A \emph{near-field} is a near-ring $N$
such that $(N\setminus\{0\},\cdot)$ is a group.
\section*{Notes}
Every element $a$ in a near-ring has a unique additive inverse, denoted $-a$.
We say $N$ has an {\em identity element} if there exists an element $1 \in N$ such that $a \cdot 1 = 1 \cdot a = a$ for all $a \in N$.
We say $N$ is {\em distributive} if $a\cdot(b+c) = (a \cdot b) + (a \cdot c)$ holds for all $a,b,c \in N$.
We say $N$ is {\em commutative} if $a \cdot b = b \cdot a$ for all $a,b \in N$.
Every commutative near-ring is distributive.

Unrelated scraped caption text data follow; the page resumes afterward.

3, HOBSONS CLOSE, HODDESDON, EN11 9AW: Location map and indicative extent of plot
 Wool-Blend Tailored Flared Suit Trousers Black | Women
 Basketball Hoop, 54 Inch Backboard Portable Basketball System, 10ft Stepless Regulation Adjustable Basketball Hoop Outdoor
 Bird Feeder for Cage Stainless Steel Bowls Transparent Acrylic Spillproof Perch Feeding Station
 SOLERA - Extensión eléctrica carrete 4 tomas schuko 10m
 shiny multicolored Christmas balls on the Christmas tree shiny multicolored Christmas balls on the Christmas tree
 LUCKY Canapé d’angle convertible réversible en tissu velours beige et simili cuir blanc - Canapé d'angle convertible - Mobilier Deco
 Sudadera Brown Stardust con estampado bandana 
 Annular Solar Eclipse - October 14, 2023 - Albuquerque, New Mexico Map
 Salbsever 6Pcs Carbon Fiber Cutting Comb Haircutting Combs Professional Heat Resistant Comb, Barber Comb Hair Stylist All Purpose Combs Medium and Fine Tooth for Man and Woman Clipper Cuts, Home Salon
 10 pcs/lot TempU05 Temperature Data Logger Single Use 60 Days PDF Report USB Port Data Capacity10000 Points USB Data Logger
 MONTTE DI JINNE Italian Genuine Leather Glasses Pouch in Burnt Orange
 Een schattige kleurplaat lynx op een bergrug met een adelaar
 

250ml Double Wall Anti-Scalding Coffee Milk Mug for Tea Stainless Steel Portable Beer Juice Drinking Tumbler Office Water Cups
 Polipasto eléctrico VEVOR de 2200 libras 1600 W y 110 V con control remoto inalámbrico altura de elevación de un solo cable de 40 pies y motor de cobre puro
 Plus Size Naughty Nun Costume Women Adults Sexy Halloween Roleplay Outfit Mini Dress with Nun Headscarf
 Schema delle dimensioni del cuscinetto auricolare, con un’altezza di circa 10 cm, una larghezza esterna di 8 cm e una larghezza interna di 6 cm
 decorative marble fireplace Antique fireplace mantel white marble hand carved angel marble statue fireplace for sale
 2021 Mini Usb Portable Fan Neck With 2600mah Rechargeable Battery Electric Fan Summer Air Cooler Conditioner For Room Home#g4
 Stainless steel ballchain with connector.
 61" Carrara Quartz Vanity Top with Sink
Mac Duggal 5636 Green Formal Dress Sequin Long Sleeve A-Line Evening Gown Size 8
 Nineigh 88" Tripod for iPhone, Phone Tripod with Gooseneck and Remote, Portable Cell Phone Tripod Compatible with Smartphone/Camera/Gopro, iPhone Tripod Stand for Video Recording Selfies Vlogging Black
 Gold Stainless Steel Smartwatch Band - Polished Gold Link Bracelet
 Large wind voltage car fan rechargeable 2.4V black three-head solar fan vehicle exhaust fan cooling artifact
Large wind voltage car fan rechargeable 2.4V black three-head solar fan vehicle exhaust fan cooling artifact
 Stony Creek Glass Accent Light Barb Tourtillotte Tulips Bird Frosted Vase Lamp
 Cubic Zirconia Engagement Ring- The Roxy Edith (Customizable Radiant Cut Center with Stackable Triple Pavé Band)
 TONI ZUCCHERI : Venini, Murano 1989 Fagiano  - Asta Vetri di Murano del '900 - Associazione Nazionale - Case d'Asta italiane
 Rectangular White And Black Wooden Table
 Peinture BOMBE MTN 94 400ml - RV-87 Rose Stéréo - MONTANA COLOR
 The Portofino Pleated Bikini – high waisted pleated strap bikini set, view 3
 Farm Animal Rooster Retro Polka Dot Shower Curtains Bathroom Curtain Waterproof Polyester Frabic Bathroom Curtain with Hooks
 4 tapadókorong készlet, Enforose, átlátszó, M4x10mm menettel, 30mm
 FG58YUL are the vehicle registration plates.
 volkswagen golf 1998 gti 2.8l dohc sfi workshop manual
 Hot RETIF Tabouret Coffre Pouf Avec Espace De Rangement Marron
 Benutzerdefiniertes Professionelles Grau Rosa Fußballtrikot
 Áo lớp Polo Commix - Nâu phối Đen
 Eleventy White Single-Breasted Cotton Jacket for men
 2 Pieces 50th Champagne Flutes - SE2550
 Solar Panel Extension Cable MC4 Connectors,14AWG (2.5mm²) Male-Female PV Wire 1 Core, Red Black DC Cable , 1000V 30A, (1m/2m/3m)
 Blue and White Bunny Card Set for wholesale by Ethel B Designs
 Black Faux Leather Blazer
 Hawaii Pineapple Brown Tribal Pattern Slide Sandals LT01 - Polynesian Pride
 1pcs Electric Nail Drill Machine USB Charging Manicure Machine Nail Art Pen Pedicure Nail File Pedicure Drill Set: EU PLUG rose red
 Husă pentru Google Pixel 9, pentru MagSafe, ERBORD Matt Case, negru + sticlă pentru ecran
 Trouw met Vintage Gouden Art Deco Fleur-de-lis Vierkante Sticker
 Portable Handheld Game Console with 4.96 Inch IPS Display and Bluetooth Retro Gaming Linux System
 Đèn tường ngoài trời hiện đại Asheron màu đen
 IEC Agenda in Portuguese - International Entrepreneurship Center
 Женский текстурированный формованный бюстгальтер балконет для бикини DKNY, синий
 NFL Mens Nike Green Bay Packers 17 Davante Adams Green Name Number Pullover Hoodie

Every distributive near-ring with an identity element is a unital ring
(see the \PMlinkname{attached proof}{ConditionOnANearRingToBeARing}).
\section*{Example}
A natural example of a near-ring is the following. Let $(G,+)$ be a group (not necessarily \PMlinkname{abelian}{AbelianGroup2}), and let $M$ be the set of all functions from $G$ to $G$. For two functions $f$ and $g$ in $M$ define $f+g\in M$ by $(f+g)(x)=f(x)+g(x)$ for all $x\in G$. Then $(M,+,\circ)$ is a near-ring with identity, where $\circ$ denotes composition of functions.
\begin{thebibliography}{9}
\bibitem{pilz}
G\"unter Pilz,
{\it Near-Rings},
North-Holland, 1983.
\end{thebibliography}